Des petites heures du matin jusqu'à tard dans la nuit, l'équipe chargée du jury veille à tout, absolument tout: horaire détaillé de chaque membre expédié chaque jour dans une grosse enveloppe bleue, gestion des coiffeurs, commanditaires, gardes du corps, chauffeurs, joailliers, couturiers et compagnie.

Granata se souvient d'avoir fait la tournée des fêtes avec Tim Burton, un oiseau de nuit qui attirait à lui toutes sortes de spécimens, y compris cette fan trop enthousiaste qui s'est ruée sur le cinéaste en déchirant sa blouse. Il se souvient aussi des séances privées passé minuit qu'il réservait dans des petits cinémas de Cannes pour Quentin Tarantino, qui aurait bien passé toutes ses journées et toutes ses nuits au cinéma.
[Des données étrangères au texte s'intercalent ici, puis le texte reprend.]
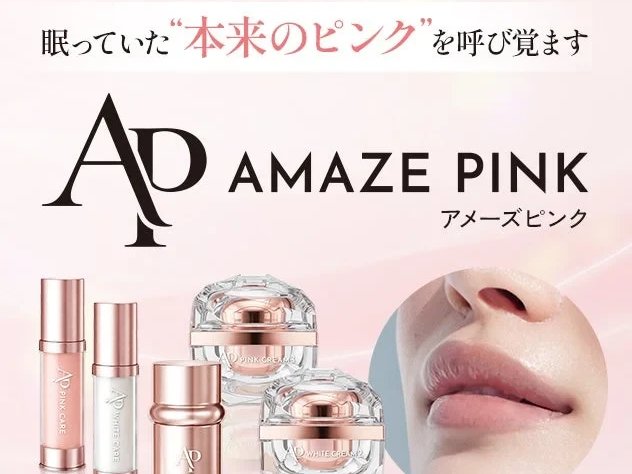 セブンビューティー、パーツケア新ブランド「AMAZE PINK」を発表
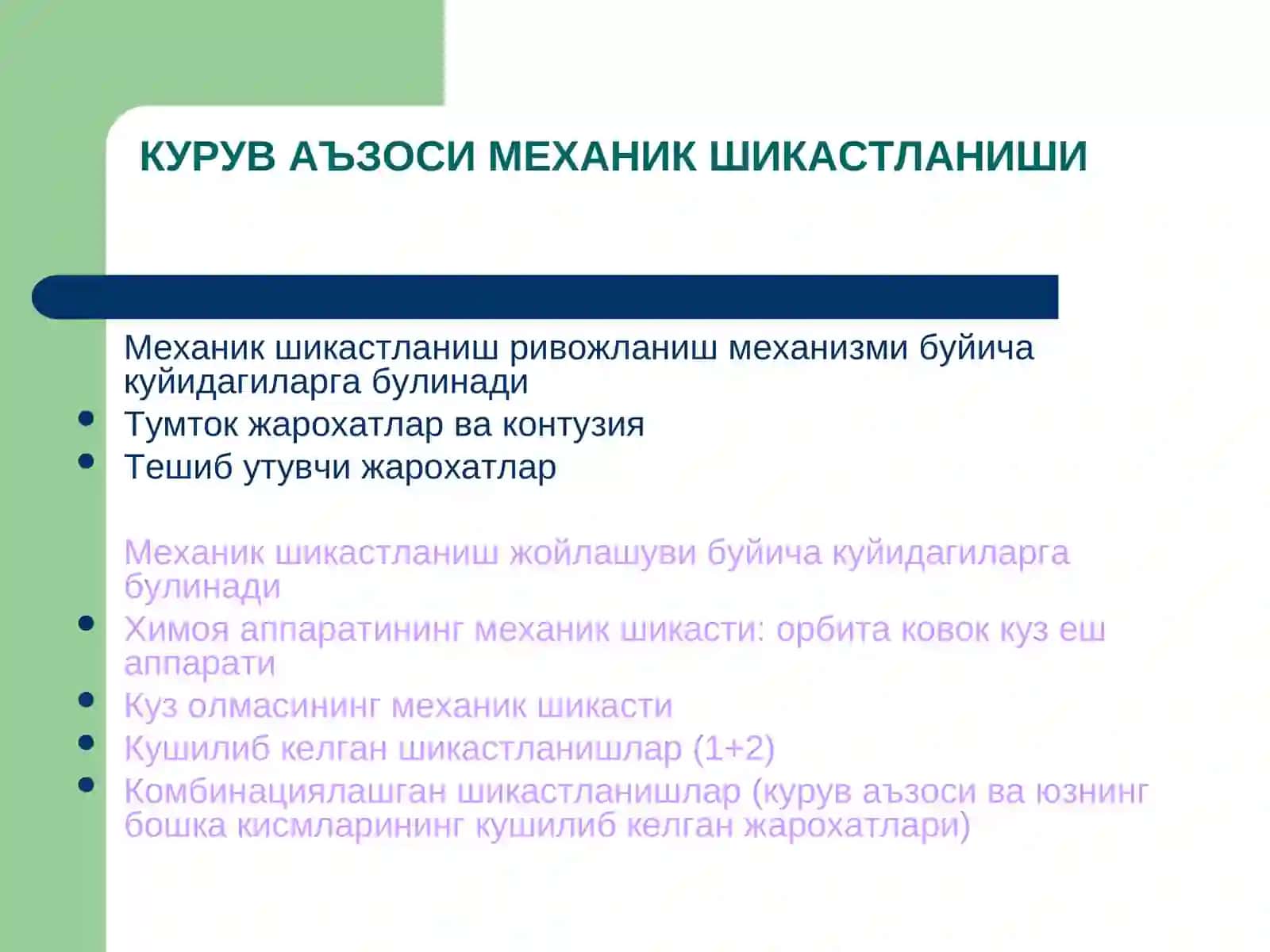 Курув аъзоси шикастланишлари 4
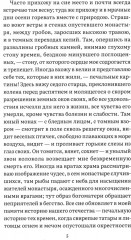 Бедная Лиза - Фото 3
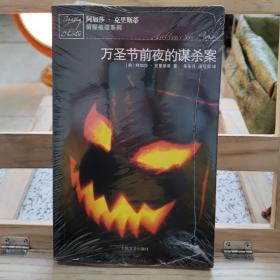 万圣节前夜的谋杀案：阿加莎·克里斯蒂侦探推理系列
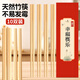 星坊天然竹筷子家用防滑防霉竹质7.5mm竹筷10双盒装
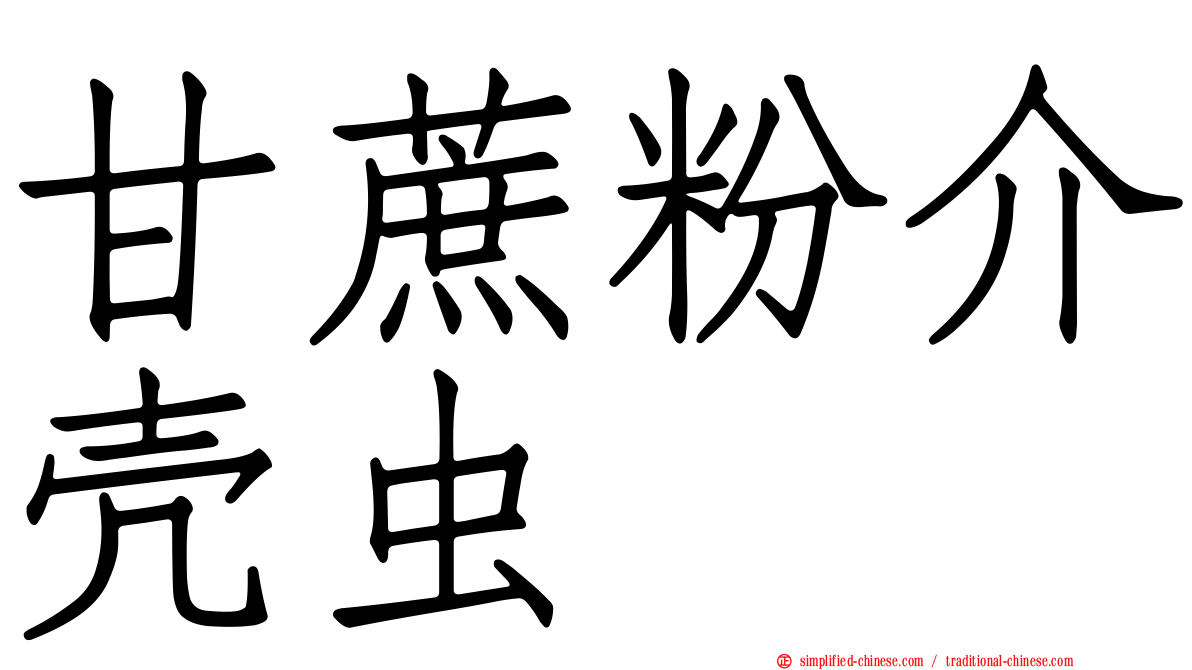 甘蔗粉介壳虫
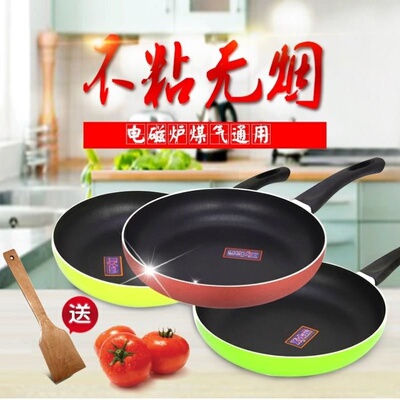 26cm flat pan non stick pan frying pan electromagnetic sto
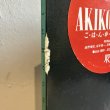 画像4: 矢野顕子 ~ Akiko Yano / ごはんができたよ (2LP)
Quant à Sharon Stone, Arnaud Granata l'aurait volontiers accompagnée au bout de la nuit sur la Croisette. Manque de chance, la star n'a de sulfureux que son image. «Sharon montait les marches, faisait trois photos et, à ma grande déception, partait se coucher», raconte Granata qui, au bout de quelques années, en a eu marre du cirque de Cannes. Marre d'être disponible 24 heures sur 24, de dormir trois heures par nuit et d'être réveillé en pleine nuit par un agent américain mêlé dans ses fuseaux horaires.

Au bout de cinq ans de ce régime épuisant, Granata a rendu sa carte «tout accès». Aujourd'hui, il n'a plus ses entrées à Cannes, mais il lui reste ses souvenirs: des souvenirs cinq étoiles avec lesquels se bercer pour longtemps.